Я установил простой SFTP-сервер в Ubuntu 18.04. У меня 10 пользователей, которые должны иметь доступ только к файлам в своих домашних каталогах, и они не должны иметь возможность выйти из своего домашнего каталога.
У нас есть API, который записывает файлы в свои домашние каталоги.
Все идет нормально.
Пользователи могут входить в систему, получать файлы и ограничиваться своими собственными каталогами. Однако они не могут удалить файлы. Любая команда 'rm' возвращает ошибку разрешений - Не удалось удалить файл: в разрешении отказано.

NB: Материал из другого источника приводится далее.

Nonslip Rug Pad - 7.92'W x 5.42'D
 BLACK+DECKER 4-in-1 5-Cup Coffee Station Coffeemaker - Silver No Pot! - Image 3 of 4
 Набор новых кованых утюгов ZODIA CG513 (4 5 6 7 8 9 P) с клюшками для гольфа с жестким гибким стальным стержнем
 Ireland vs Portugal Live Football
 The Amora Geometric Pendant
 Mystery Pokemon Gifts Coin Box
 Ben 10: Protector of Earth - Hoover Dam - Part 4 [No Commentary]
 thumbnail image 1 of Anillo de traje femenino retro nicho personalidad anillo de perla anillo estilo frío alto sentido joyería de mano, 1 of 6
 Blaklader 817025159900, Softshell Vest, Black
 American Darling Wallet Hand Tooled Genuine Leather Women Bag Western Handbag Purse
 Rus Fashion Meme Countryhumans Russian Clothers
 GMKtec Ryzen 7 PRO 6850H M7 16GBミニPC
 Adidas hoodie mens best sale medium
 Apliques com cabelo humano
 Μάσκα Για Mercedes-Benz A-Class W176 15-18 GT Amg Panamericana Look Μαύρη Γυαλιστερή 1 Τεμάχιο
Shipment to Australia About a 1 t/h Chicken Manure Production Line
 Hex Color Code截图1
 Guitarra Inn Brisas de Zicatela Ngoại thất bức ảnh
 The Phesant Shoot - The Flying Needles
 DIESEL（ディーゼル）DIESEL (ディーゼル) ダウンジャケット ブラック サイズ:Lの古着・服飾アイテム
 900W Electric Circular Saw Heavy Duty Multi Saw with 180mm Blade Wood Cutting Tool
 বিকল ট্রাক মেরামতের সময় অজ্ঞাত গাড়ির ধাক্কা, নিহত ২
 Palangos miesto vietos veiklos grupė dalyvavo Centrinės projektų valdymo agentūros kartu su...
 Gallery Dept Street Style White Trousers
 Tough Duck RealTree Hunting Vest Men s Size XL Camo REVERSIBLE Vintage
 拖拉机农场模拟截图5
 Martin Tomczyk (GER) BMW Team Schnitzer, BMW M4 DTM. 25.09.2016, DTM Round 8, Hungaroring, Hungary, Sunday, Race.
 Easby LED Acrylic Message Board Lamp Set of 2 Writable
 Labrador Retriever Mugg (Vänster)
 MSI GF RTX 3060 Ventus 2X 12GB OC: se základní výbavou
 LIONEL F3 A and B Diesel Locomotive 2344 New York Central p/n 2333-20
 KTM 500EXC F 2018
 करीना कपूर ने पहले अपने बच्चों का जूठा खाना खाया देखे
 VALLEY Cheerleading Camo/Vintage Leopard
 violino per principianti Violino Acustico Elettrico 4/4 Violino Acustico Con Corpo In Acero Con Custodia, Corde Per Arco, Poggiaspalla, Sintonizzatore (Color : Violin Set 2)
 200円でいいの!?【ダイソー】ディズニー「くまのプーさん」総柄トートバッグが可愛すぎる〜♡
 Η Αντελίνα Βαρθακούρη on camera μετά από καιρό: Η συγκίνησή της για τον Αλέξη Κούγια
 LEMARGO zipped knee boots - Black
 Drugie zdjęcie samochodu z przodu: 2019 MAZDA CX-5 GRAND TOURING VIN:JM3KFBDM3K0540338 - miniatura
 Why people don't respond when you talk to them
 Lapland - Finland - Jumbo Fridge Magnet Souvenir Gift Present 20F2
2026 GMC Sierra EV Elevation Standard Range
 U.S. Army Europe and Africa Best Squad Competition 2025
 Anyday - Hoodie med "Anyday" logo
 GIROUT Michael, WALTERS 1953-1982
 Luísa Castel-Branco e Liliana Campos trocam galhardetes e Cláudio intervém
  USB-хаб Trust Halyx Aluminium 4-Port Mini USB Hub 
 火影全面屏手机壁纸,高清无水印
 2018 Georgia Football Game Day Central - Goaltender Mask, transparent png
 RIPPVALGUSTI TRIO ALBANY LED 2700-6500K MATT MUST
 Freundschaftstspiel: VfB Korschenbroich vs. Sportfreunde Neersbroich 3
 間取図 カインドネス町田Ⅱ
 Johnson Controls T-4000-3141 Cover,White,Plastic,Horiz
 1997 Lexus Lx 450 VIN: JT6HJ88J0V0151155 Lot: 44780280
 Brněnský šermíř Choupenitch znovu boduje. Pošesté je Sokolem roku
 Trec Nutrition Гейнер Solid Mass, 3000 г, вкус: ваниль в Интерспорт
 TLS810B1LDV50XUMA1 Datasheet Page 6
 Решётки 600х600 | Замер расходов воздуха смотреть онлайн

Пользователь / группа для папки root: www-data. Если я изменю его на user: www-data SFTP сломается - они не смогут войти. Я создал группу sftp, но опять же, если я добавлю пользователя в группу sftp, измените домашний каталог на user: sftp, они не могут войти в систему.
Вот как выглядит домашняя папка:
drwxr-xr-x 2 root www-data 172032 Feb 6 14:19 29
drwxr-xr-x 2 root www-data 135168 Feb 6 14:17 52
drwxr-xr-x 4 root www-data 69632 Feb 6 14:15 44
drwxr-xr-x 2 root www-data 36864 Feb 6 14:14 68
Моя конфигурация sftp из / etc / ssh / sshdconfig:
Match group sftp
ChrootDirectory /home/%u
X11Forwarding no
AllowTcpForwarding no
ForceCommand internal-sftp
Мои пользователи настроены так:
29:x:1002:1001::/home/26:/bin/sh
44:x:1003:1003::/home/44:/bin/sh
52:x:1004:1004::/home/52:/bin/sh
68:x:1005:1005::/home/29:/bin/sh
Моя группа sftp:
sftp:x:1001:26,44
Помимо проблема именования пользователей, который следует исправить, но, вероятно, не влияет на ваш вариант использования, ваша конфигурация должна удовлетворять двум несовместимым ограничениям:
ChrootDirectory Задает путь к каталогу, в который после аутентификации будет использоваться chroot (2). Все компоненты имени пути должны быть корневые каталоги которые не записывается любым другим пользователем или группой. После chroot sshd (8) меняет рабочий каталог на домашний каталог пользователя.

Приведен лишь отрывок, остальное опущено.